Could you retype the lines below, starting at the line holding "The default settings" and stopping at the line holding "The Salam contract", inclusive? Copy them exactly and drop the images.

+--

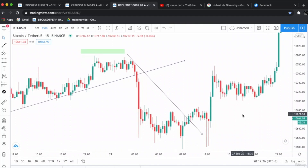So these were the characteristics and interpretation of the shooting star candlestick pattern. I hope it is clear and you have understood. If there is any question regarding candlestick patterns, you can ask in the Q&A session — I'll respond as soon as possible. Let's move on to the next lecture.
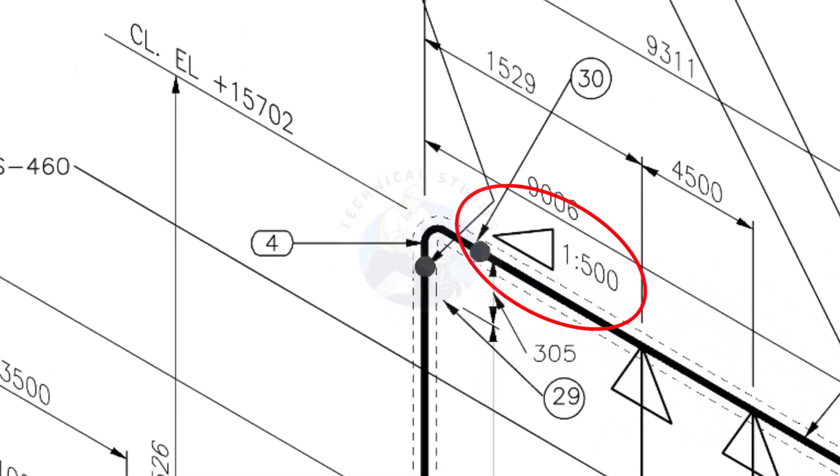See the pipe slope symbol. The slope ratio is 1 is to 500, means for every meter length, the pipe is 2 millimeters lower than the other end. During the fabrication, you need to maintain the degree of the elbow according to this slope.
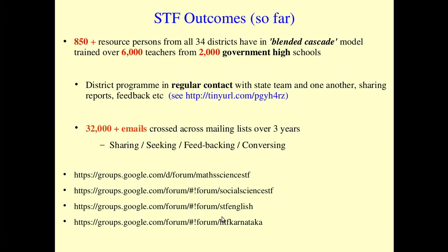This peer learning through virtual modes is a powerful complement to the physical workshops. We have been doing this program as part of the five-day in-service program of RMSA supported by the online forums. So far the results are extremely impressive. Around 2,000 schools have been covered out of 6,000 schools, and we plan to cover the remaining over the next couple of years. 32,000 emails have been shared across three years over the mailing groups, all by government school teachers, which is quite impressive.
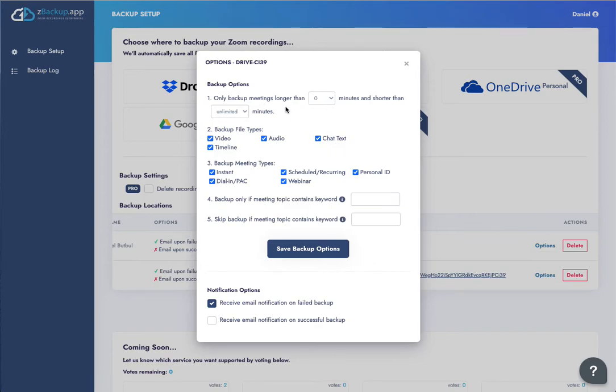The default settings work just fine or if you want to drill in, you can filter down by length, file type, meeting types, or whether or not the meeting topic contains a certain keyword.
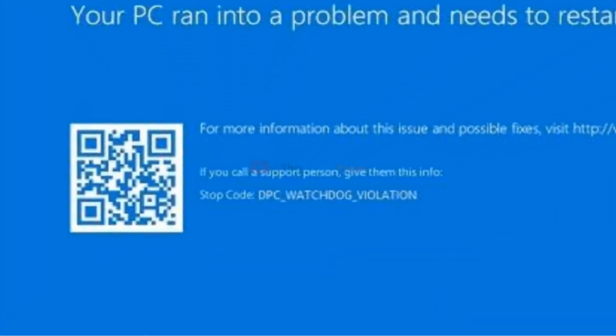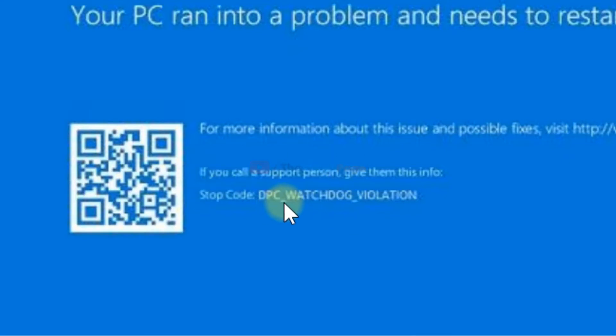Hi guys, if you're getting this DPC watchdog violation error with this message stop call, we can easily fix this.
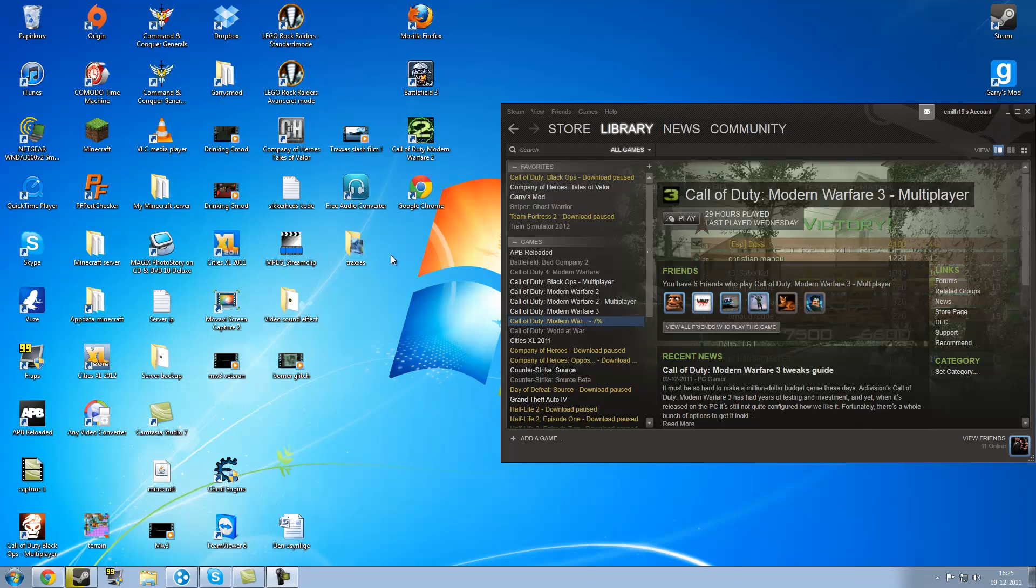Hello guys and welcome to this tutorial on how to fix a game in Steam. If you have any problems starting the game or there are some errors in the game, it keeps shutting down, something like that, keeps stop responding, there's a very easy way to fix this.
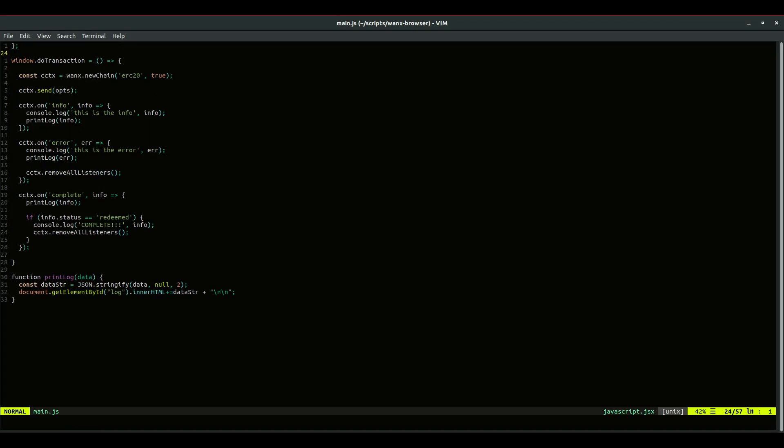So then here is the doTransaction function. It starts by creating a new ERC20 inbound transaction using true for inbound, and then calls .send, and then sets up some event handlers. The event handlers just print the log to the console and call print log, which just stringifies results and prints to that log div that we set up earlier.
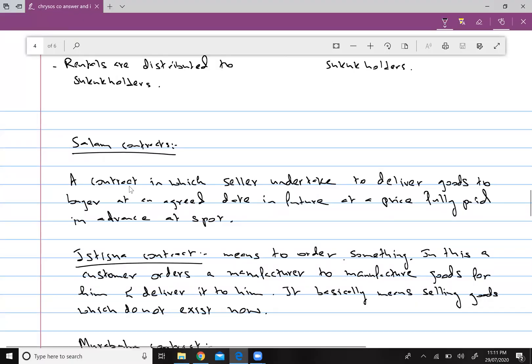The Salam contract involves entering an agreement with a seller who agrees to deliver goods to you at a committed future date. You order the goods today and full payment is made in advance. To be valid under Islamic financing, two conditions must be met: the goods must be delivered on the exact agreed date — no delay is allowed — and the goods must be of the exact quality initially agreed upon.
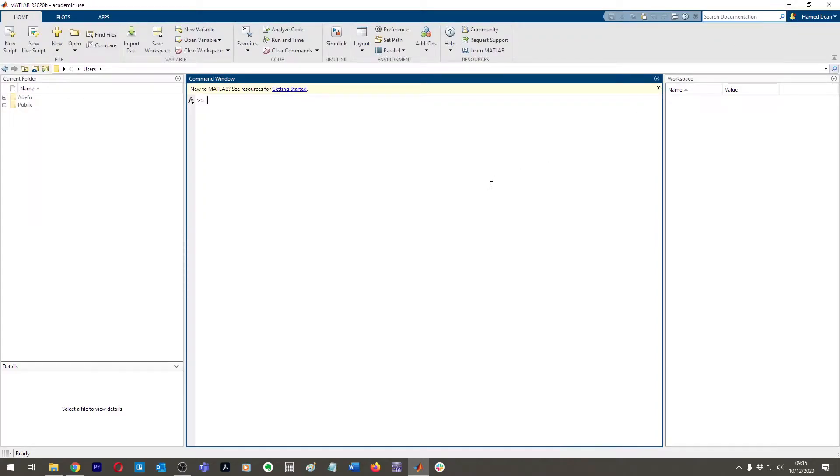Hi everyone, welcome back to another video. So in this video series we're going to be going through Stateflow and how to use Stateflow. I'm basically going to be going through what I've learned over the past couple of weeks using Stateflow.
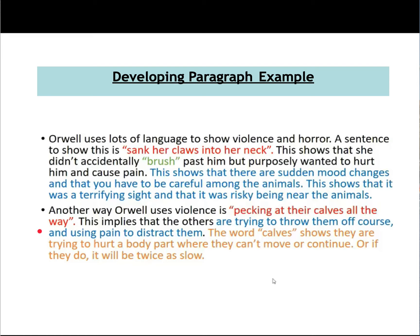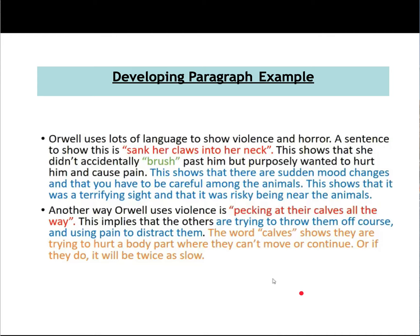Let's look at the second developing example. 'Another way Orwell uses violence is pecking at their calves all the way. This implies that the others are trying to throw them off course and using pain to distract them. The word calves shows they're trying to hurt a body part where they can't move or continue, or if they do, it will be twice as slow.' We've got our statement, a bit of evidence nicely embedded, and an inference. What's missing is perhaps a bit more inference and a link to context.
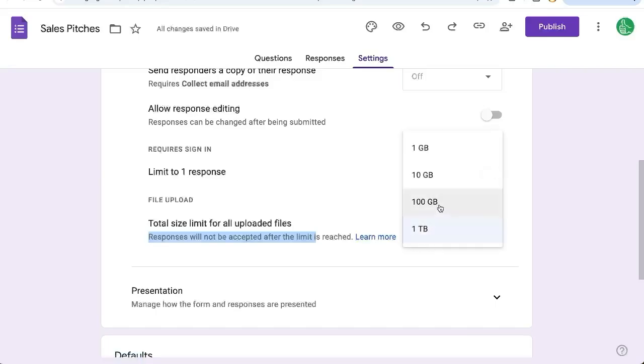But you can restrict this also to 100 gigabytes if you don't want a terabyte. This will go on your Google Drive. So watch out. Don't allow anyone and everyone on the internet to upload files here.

+--

RESULT FOR THIS TASK:
The default settings work just fine or if you want to drill in, you can filter down by length, file type, meeting types, or whether or not the meeting topic contains a certain keyword.
Hi guys, if you're getting this DPC watchdog violation error with this message stop call, we can easily fix this.
Hello guys and welcome to this tutorial on how to fix a game in Steam. If you have any problems starting the game or there are some errors in the game, it keeps shutting down, something like that, keeps stop responding, there's a very easy way to fix this.
So then here is the doTransaction function. It starts by creating a new ERC20 inbound transaction using true for inbound, and then calls .send, and then sets up some event handlers. The event handlers just print the log to the console and call print log, which just stringifies results and prints to that log div that we set up earlier.
The Salam contract involves entering an agreement with a seller who agrees to deliver goods to you at a committed future date. You order the goods today and full payment is made in advance. To be valid under Islamic financing, two conditions must be met: the goods must be delivered on the exact agreed date — no delay is allowed — and the goods must be of the exact quality initially agreed upon.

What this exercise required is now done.